§ **ACTIVITY**:
Omit all pictures, then print the entries exactly.

★ ★ ★ ★ ★ ★ ★

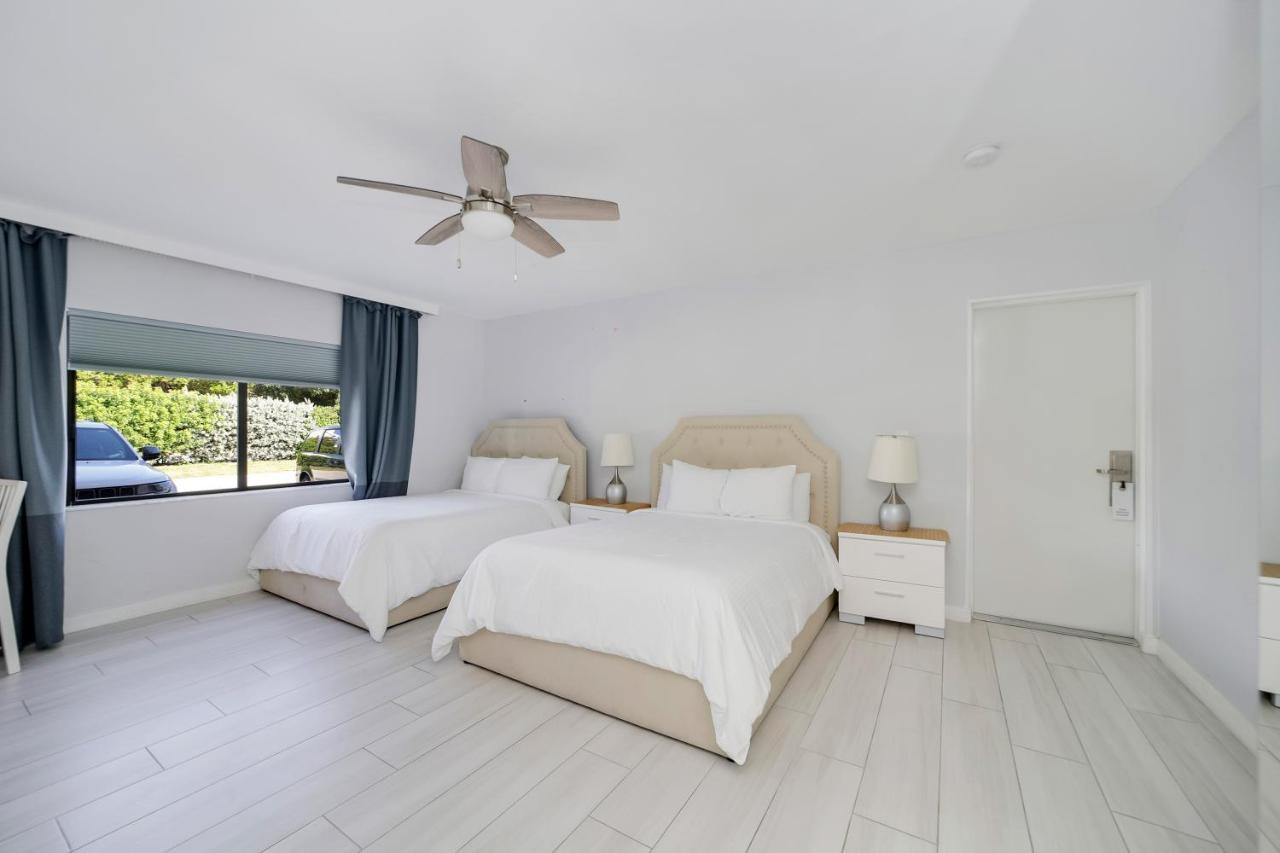 Studio Apartment Kitchen - Two Full Beds (Self Check-in)
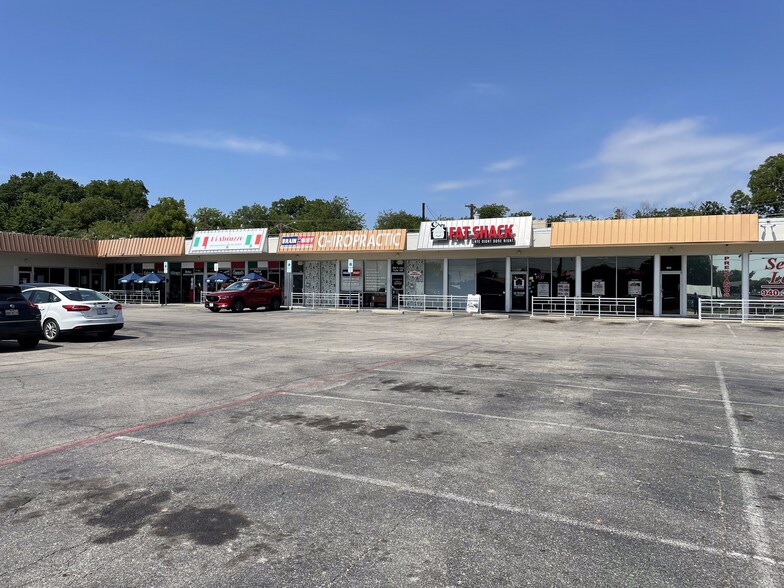 Primary Photo Of 508-516 S Elm St, Denton Storefront For Lease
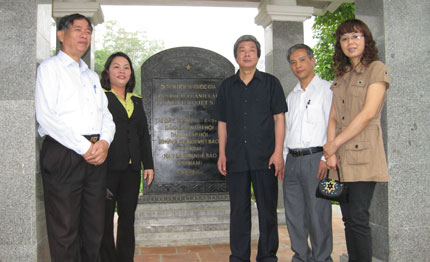 Hội Nhà báo Việt Nam hành hương về nguồn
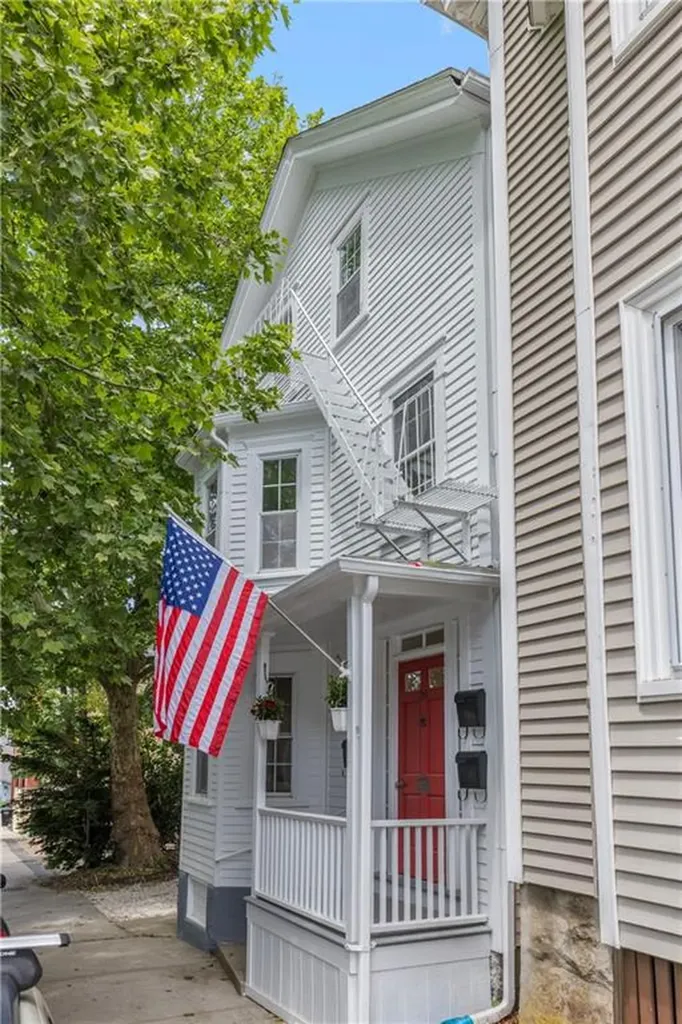 28 Young Street Newport RI 02840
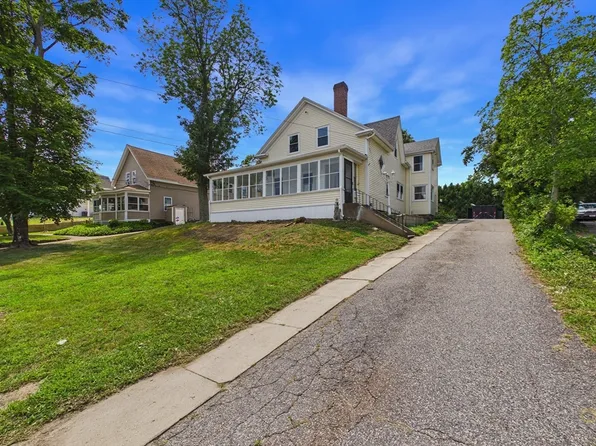 398 Main St, Wareham, MA 02571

★ ★ ★ ★ ★ ★ ★

§ **OUTPUT OF THE EXERCISE**:
 Studio Apartment Kitchen - Two Full Beds (Self Check-in)
 Primary Photo Of 508-516 S Elm St, Denton Storefront For Lease
 Hội Nhà báo Việt Nam hành hương về nguồn
 28 Young Street Newport RI 02840
 398 Main St, Wareham, MA 02571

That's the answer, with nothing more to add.